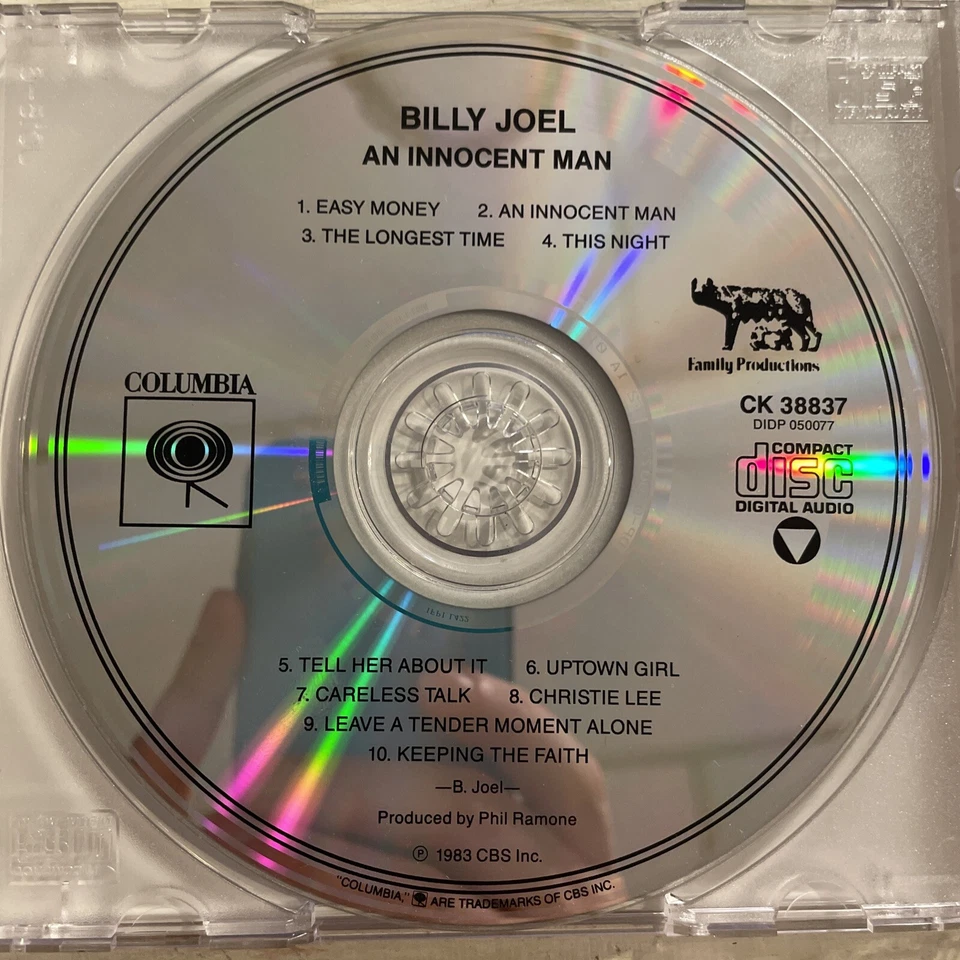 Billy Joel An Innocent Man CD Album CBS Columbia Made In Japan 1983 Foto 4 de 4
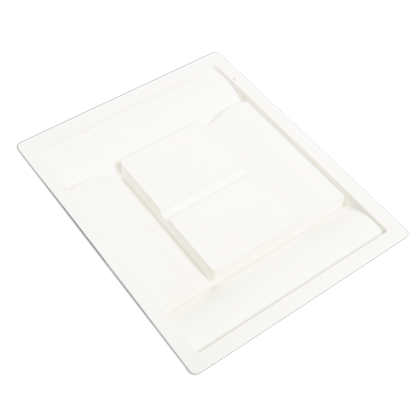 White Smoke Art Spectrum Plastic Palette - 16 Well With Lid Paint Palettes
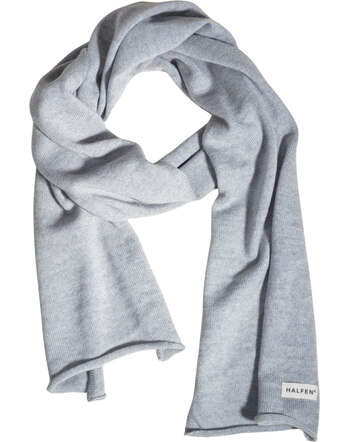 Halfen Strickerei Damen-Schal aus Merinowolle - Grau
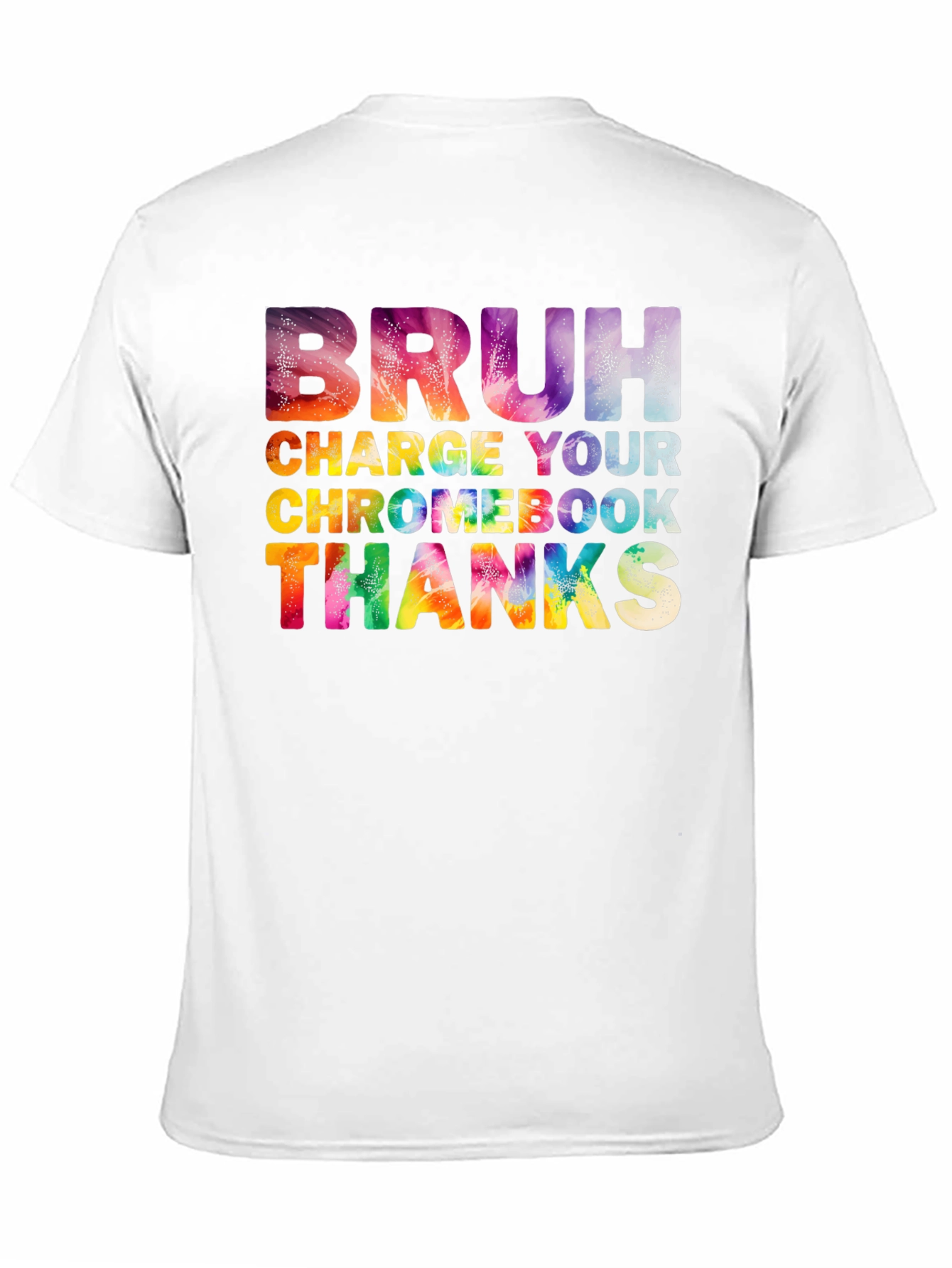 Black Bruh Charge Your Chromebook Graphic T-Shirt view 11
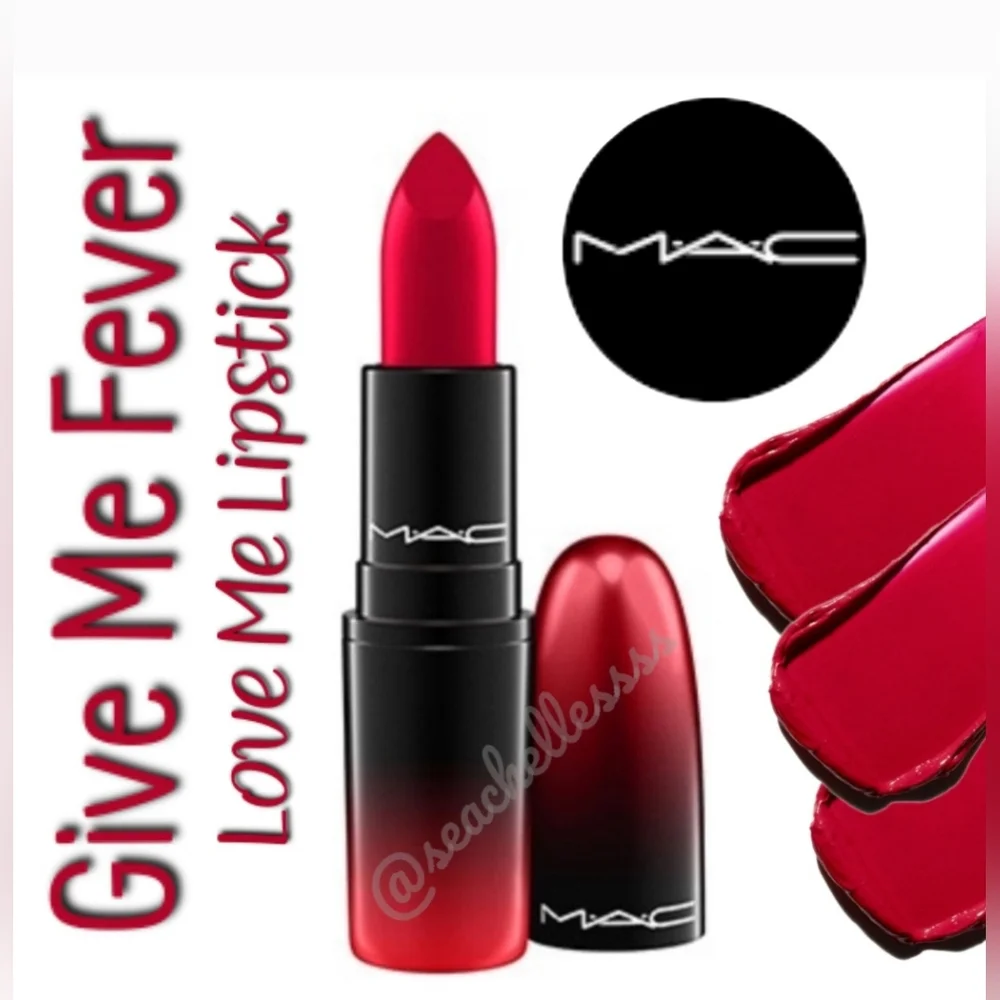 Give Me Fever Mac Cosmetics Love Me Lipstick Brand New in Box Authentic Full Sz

━━━━━━━━

Task:
If the material above contains pictures, exclude them from an otherwise exact transcription.

Your response:
 Billy Joel An Innocent Man CD Album CBS Columbia Made In Japan 1983 Foto 4 de 4
 White Smoke Art Spectrum Plastic Palette - 16 Well With Lid Paint Palettes
 Halfen Strickerei Damen-Schal aus Merinowolle - Grau
 Black Bruh Charge Your Chromebook Graphic T-Shirt view 11
 Give Me Fever Mac Cosmetics Love Me Lipstick Brand New in Box Authentic Full Sz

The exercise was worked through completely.